#### [What the task asks]
Below are the entries. Transcribe exactly the lines from the one with "10pcs Sweet Sugar" through the one with "Solga 비오틴 10", ends included, and leave out all others.

#### [Supplied records]
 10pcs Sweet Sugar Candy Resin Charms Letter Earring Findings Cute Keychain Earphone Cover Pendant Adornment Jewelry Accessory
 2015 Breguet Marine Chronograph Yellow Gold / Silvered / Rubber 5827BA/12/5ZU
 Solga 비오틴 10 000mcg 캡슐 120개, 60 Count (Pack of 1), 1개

--

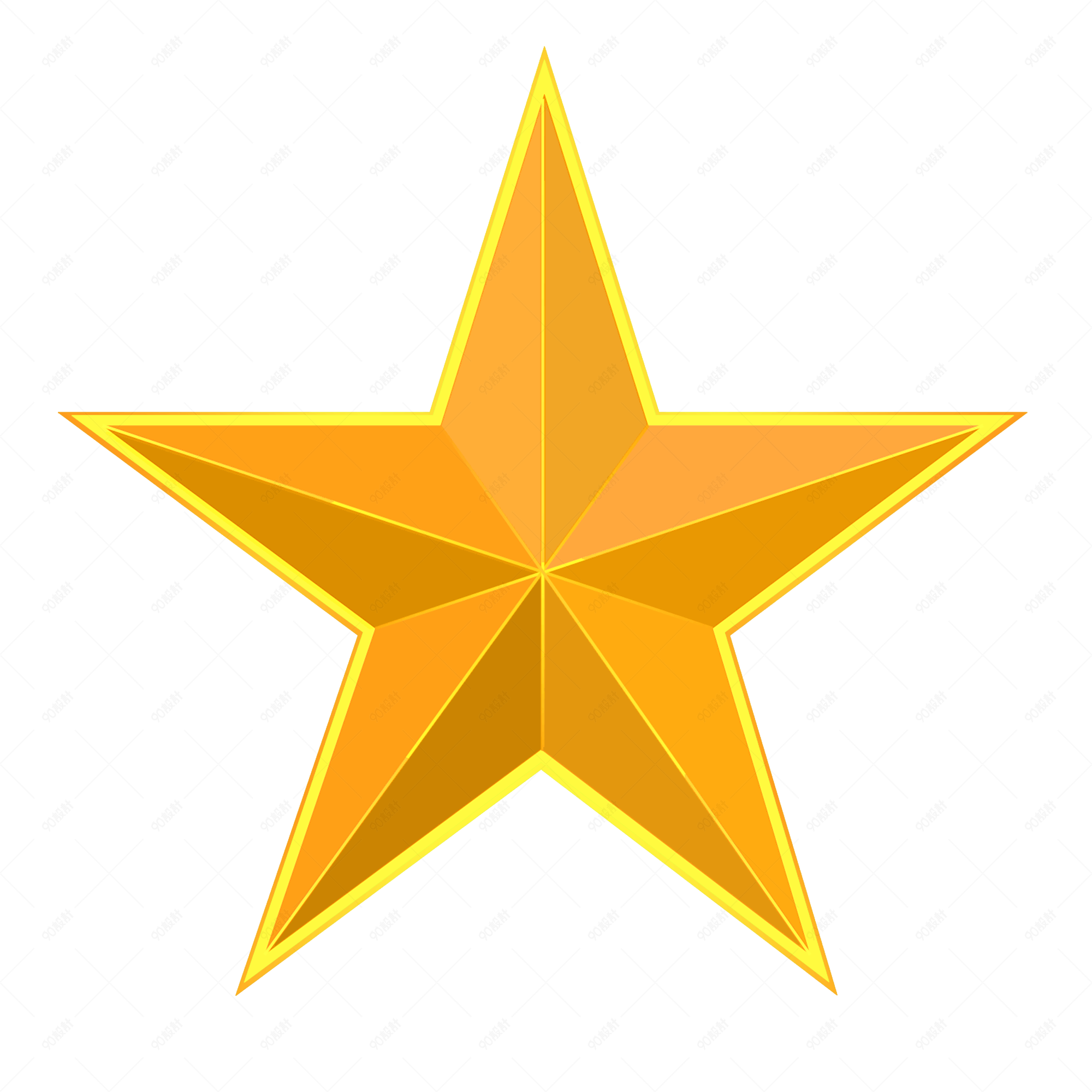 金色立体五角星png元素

#### [Output for this task]
 10pcs Sweet Sugar Candy Resin Charms Letter Earring Findings Cute Keychain Earphone Cover Pendant Adornment Jewelry Accessory
 2015 Breguet Marine Chronograph Yellow Gold / Silvered / Rubber 5827BA/12/5ZU
 Solga 비오틴 10 000mcg 캡슐 120개, 60 Count (Pack of 1), 1개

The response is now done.